A decision on the dean search would be made within 10 days, Bruininks said.

“I don’t think anything good can come from leaving those positions open,” he said.

The search for a new athletics director should not be affected by Bruininks’ appointment.

Mary Jo Kane, chairwoman of the combined men’s and women’s athletics director search committee, said the search is on track, but declined to comment on how many candidates have been identified. She said she hopes to present two to three candidates to the president by early July. The departments will combine on July 1.

“I anticipate the new athletics director will have some role in the merger,” Kane said.

University assistant athletics director Jeff Schemmel said Wednesday he applied for the athletics director job, but said he has not heard when interviews will be or if there are other internal candidates.

New president

Allowing the new president to participate in filling the provost and athletics director positions makes the University position more attractive, search firm officials said.

Bill Funk, a search coordinator for Korn/Ferry International, said with lots of national university president and chancellor searches currently underway – including three in the Big Ten – the biggest challenge facing the board is competing for the best people.

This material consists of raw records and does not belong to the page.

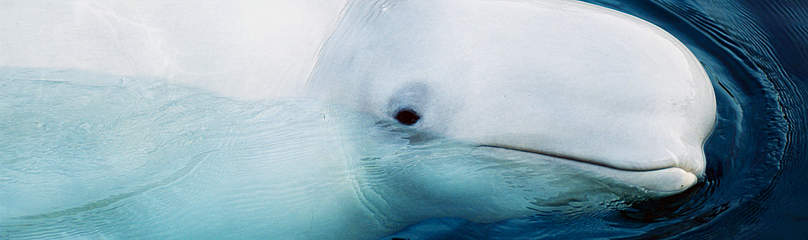 Beluga whale
© WWF
© WWF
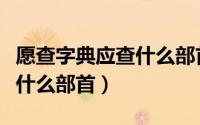 愿查字典应查什么部首和结构（愿查字典应查什么部首）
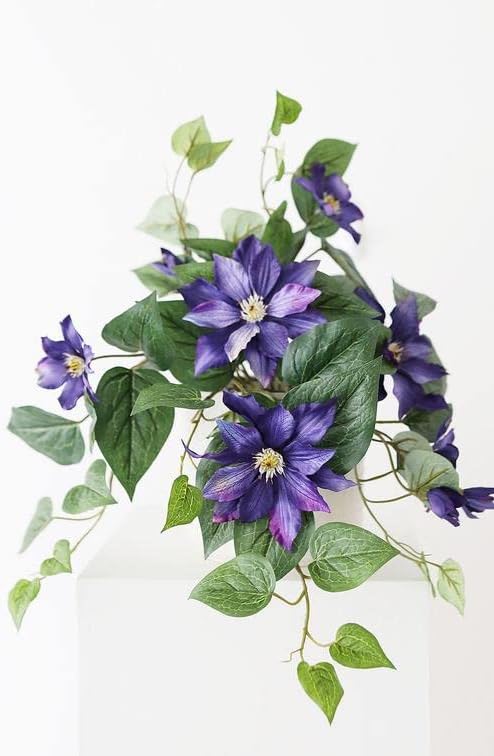 Arcadia Silk Plantation 20.5" UV Protected Clematis Bush Purple (Pack of 6)
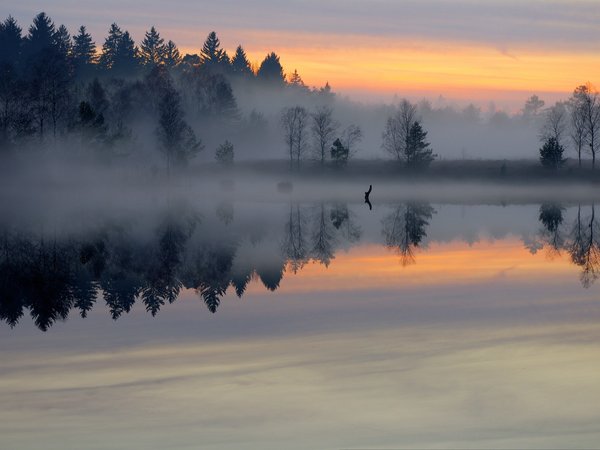 calm, clouds, fog, forest, lake, landscape, nature, reflections in water, sky, sunset, закат, лес, небо, облака, озеро, отражения в воде, пейзаж, природа, туман, штиль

“President candidates will view the opportunity to hire their own provost as a positive,” said Funk, who has recruited nine of the last 11 Big Ten university top officials.

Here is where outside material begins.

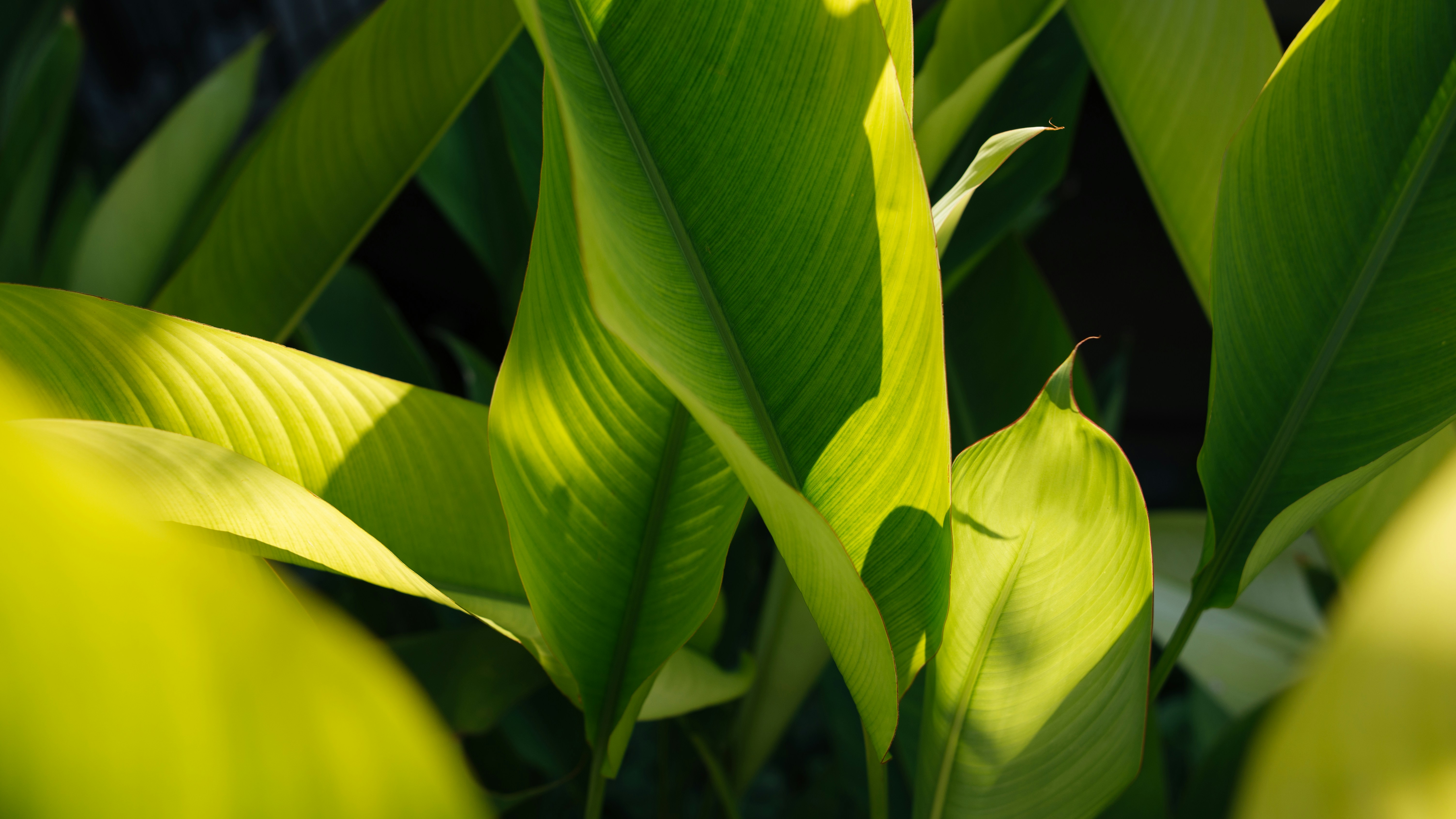 Close-up of Sunlit Green Leaves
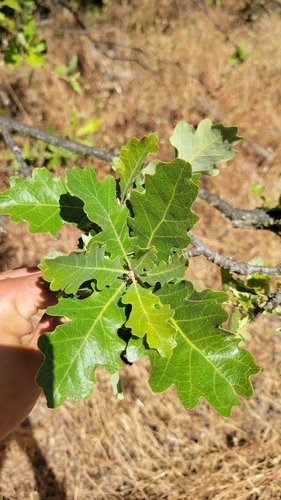 Oregon × valley oak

The regents have been collecting names of interested parties and have contacted several search firms for help researching the backgrounds of presidential candidates for the University, Reed said.

Although the board will decide in a couple of weeks which firm to use and what the final qualifications are for candidates, Reed said they are looking for someone with the abilities to apply, manage and communicate a vision for higher education to the University and the citizens of Minnesota.

Reed said she hopes to name a president by the end of the year.

“We will not sacrifice quality for brevity,” Reed said.

Funk said the University would be looking at three types of presidential candidates:

ï A provost with experience from a widely respected academic institution – a large, complex research university

ï A sitting president with an understanding of the rigors of running a university.

ï A nontraditional candidate – a person with some experience in academia, but currently working in business or other related fields

The University’s prestige will help contribute to a large pool of strong individuals, and the board will have to pay the finalist approximately $300,000 to 400,000 per year, Funk said.

Yudof earned $350,000 per year and will make approximately $600,000 per year as Texas chancellor.

To combat worries of his commitment to the University, Bruininks pointed to the 17-pound, 6-ounce mounted walleye in his office.

“I think the fish is going to stay at Morrill Hall,” Bruininks said.